Torque in the sequence and values written in the book ending with the final torque value of ARP's spec.
This is where it gets crazy. You need to "untorque" in the reversal sequence and retorque them all over again IIRC 5 times. The reason for this is to pre stretch the new studs.
Learn from my mistakes as I didn't know this at first and replaced the gaskets again after a few hundred miles because the studs stretched just enough to weep pressure into the water jackets. Also I ended up torquing my studs to 106 ftlbs with no issues since.
When you install the studs, do use the pattern in the engine manual, starting in the center of the head and working out in a circle.
Also do it in steps like the engine manual specifies.
When you read the ARP paper, torque to spec and then remove a minimum of four times.
Then on the fifth install, you are good to go.
The install and remove four times helps the nuts and stud threads wear to each other.
And I payed rather close attention to how many turns it took to get to torque each time I installed mine.
The fifth time each nut turned about 1 turn farther than it did the first time I installed them.

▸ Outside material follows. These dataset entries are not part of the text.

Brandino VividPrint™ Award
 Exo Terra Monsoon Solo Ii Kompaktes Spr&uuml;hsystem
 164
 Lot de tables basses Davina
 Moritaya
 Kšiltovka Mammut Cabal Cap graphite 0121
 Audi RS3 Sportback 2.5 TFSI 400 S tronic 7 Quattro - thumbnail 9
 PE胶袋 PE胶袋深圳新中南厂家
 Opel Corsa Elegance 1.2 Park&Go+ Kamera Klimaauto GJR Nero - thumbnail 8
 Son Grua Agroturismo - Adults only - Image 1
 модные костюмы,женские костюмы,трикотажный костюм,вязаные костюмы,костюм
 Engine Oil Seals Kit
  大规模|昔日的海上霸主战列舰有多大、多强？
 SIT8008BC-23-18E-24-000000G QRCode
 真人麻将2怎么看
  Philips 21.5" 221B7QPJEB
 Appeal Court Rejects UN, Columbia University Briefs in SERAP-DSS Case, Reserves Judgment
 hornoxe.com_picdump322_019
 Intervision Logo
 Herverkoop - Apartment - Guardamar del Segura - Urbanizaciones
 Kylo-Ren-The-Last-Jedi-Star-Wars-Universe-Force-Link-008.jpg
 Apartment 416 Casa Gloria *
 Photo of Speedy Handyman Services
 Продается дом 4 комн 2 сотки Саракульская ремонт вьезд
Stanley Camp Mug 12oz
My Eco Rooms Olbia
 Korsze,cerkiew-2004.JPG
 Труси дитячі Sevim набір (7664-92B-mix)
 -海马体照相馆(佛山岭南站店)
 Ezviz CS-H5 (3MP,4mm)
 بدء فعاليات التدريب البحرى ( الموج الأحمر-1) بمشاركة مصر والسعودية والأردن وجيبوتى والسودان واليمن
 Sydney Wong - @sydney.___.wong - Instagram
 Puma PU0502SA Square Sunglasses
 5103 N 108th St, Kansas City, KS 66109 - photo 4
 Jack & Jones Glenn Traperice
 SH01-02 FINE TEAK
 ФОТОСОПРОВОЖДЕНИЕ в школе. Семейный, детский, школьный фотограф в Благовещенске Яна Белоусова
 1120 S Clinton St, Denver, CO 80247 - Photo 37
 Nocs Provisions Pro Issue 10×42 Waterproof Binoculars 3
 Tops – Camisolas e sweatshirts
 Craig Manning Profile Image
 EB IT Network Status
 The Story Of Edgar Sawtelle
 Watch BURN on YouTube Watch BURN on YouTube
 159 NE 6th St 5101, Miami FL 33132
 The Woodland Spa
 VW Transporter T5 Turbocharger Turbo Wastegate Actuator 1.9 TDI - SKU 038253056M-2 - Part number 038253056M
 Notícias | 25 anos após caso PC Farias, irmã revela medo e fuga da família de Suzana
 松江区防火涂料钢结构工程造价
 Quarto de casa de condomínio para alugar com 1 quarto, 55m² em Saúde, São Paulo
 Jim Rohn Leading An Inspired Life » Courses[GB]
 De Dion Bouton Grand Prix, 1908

Be sparing with the moly assembly lube, you don't want to contaminate the head gasket or mating surfaces with lube.
I wiped the head and block surface with acetone to remove all traces of oil before I dropped the gaskets and heads on.
I believe that you are collapsing the gasket and seating it. The way metallurgy works, bolts are not rigid. Nothing is totally rigid. The bolts are like real tough springs. They normally stretch. The trick is to stretch them enough to hold the gasket in place under the highest pressures possible while leaving a safety margin for possible anomalies.
couple questions if i could hijack this topic a little. with your arp studs, where did you get them from? how much? did you have to drill your heads at all to fit the studs?
Warozz the ones for the 6.9 are actually for a different application(Iforget what it is)
but are more popular and the price USED to be around 290, not sure these days.
Iirc the ones for the 7.3 were also for a different application but worked on our engines but not as high a seller were in the 500 buck range.
Sounds like I need to search old threads for part numbers.
If I find a turbo for a good deal I will for sure upgrade to ARP. Until then I got brand new heads that PO put on so I am good to go for a while I hope.